Print out the whole listing below exactly as it is written.

__DATA__:
┌────────

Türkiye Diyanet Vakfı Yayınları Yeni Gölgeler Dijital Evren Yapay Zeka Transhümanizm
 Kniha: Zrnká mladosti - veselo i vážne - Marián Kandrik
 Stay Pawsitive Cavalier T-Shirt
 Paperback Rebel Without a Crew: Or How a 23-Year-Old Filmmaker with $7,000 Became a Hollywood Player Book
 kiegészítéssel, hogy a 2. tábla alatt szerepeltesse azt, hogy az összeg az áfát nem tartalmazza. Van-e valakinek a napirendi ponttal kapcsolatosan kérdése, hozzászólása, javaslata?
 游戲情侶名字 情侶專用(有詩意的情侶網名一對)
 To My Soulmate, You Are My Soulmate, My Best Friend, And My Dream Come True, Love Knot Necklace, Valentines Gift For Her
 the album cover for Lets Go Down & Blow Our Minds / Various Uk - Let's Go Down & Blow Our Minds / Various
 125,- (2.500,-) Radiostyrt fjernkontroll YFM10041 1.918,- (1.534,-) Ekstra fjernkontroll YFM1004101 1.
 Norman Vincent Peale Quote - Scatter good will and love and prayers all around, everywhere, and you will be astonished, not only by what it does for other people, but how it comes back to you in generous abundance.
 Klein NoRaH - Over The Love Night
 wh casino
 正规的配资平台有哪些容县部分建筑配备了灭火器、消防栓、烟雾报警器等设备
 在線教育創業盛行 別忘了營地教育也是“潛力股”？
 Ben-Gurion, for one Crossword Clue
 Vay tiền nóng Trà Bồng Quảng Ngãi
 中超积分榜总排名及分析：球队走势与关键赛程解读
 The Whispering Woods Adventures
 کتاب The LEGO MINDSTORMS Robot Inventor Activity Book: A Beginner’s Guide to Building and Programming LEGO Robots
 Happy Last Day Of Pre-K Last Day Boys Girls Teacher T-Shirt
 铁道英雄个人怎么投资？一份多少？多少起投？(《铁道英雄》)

└────────

__OUTPUT FOR THIS TASK__:
Türkiye Diyanet Vakfı Yayınları Yeni Gölgeler Dijital Evren Yapay Zeka Transhümanizm
 Kniha: Zrnká mladosti - veselo i vážne - Marián Kandrik
 Stay Pawsitive Cavalier T-Shirt
 Paperback Rebel Without a Crew: Or How a 23-Year-Old Filmmaker with $7,000 Became a Hollywood Player Book
 kiegészítéssel, hogy a 2. tábla alatt szerepeltesse azt, hogy az összeg az áfát nem tartalmazza. Van-e valakinek a napirendi ponttal kapcsolatosan kérdése, hozzászólása, javaslata?
 游戲情侶名字 情侶專用(有詩意的情侶網名一對)
 To My Soulmate, You Are My Soulmate, My Best Friend, And My Dream Come True, Love Knot Necklace, Valentines Gift For Her
 the album cover for Lets Go Down & Blow Our Minds / Various Uk - Let's Go Down & Blow Our Minds / Various
 125,- (2.500,-) Radiostyrt fjernkontroll YFM10041 1.918,- (1.534,-) Ekstra fjernkontroll YFM1004101 1.
 Norman Vincent Peale Quote - Scatter good will and love and prayers all around, everywhere, and you will be astonished, not only by what it does for other people, but how it comes back to you in generous abundance.
 Klein NoRaH - Over The Love Night
 wh casino
 正规的配资平台有哪些容县部分建筑配备了灭火器、消防栓、烟雾报警器等设备
 在線教育創業盛行 別忘了營地教育也是“潛力股”？
 Ben-Gurion, for one Crossword Clue
 Vay tiền nóng Trà Bồng Quảng Ngãi
 中超积分榜总排名及分析：球队走势与关键赛程解读
 The Whispering Woods Adventures
 کتاب The LEGO MINDSTORMS Robot Inventor Activity Book: A Beginner’s Guide to Building and Programming LEGO Robots
 Happy Last Day Of Pre-K Last Day Boys Girls Teacher T-Shirt
 铁道英雄个人怎么投资？一份多少？多少起投？(《铁道英雄》)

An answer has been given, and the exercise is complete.